“The Monster” is now playing at AMC Desert Star in Baraboo. R, 1:32, three stars out of four.
You’d be forgiven for thinking initially that the title character in Bryan Bertino’s horror film “The Monster” was a mother. Kathy (Zoe Kazan) is a spectacular trainwreck of a single parent, channeling her frustration and anger with her situation into substance abuse and screaming fits at her 12-year-old daughter Lizzie (Ella Bellentine).
In the opening scene, we see Lizzie listening to a sad country song as she cleans up the wreckage of one of Kathy’s benders, picking up beer bottles and pouring out ashtrays. Kathy is supposed to drive Lizzie to her father’s house for an extended (perhaps permanent) visit, but she oversleeps, and the bickering duo gets a late start on the road.
That turns out to be a very serious mistake.
Bertino, who made the well-received 2008 home-invasion horror movie “The Strangers,” takes his time developing this fractured mother-daughter relationship and its tensions. Sniping at each other, side by side in the front seat of the car, Kathy and Lizzie seem less like parent and child than two arguing sisters.

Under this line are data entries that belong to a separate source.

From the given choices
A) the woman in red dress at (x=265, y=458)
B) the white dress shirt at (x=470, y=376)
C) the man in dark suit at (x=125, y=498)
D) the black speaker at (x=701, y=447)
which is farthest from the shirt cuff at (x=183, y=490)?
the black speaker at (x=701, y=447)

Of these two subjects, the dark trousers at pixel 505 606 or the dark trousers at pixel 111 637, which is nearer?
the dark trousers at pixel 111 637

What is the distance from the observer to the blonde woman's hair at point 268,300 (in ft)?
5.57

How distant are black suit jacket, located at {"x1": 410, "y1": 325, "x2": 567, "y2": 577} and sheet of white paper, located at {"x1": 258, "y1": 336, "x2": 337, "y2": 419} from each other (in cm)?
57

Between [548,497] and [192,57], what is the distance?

Out on a rural road late at night, rain cascading down in sheets, their car hits an animal. The creature is a large wolf, and the collision damages the car. While Lizzie and Kathy sit in the car and wait for a tow truck, they start to wonder: What was the wolf running from?

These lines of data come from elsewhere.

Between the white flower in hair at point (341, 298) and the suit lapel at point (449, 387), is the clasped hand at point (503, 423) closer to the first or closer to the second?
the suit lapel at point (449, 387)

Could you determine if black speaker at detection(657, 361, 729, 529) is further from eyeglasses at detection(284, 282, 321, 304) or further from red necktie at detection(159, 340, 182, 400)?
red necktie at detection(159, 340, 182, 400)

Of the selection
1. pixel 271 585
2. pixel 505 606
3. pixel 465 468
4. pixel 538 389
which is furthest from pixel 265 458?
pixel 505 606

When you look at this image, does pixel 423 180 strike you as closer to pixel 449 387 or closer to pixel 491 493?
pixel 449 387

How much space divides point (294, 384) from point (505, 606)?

“The Monster” becomes a lean, brutal and very effective horror movie, with mother and daughter trapped in the car while something lurks outside. Bertino efficently uses the contrast between the confined space of the car and the gray emptiness outside, carefully parceling out glimpses of the creature and clues as to what it might be. There’s an excruciatingly suspenseful sequence where a tow truck operator (Jesse Douglas) lies underneath their car while Lizzie and Kathy try to warn him that something is stalking him.
Things get pretty bloody and shocking, satisfyingly so for horror fans, and the film uses practical old-school visual effects with no CGI. Bertino resolutely keeps the relationship between mother and daughter in the foreground as they try and stay alive. He works in numerous flashbacks to the family’s turbulent earlier life (including a cameo by Scott Speedman of “The Strangers” as the father) to show just how much they’ve already survived.

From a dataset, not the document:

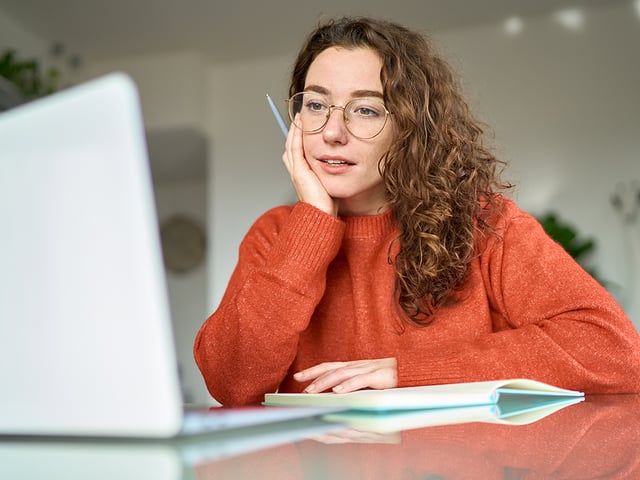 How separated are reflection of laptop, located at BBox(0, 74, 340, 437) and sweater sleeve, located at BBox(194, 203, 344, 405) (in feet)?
2.56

But at some point, those flashbacks aren’t necessary, both because they break up the tension of the film and because Kazan and Bellentine are so good at conveying that shared history with a look or a cutting line. Kazan, in particular, who usually doesn’t play this sort of role, is very good as showing Kathy’s self-loathing, seeing her daughter as the living embodiment of all her bad decisions, and then finally and fiercely accepting her maternal instinct.
We’re coming up to the end of a year full of great horror movies (“The Witch,” “Don’t Breathe,” “The Invitation.”) “The Monster” may have more modest goals than some of the others, but it deserves a place on that list.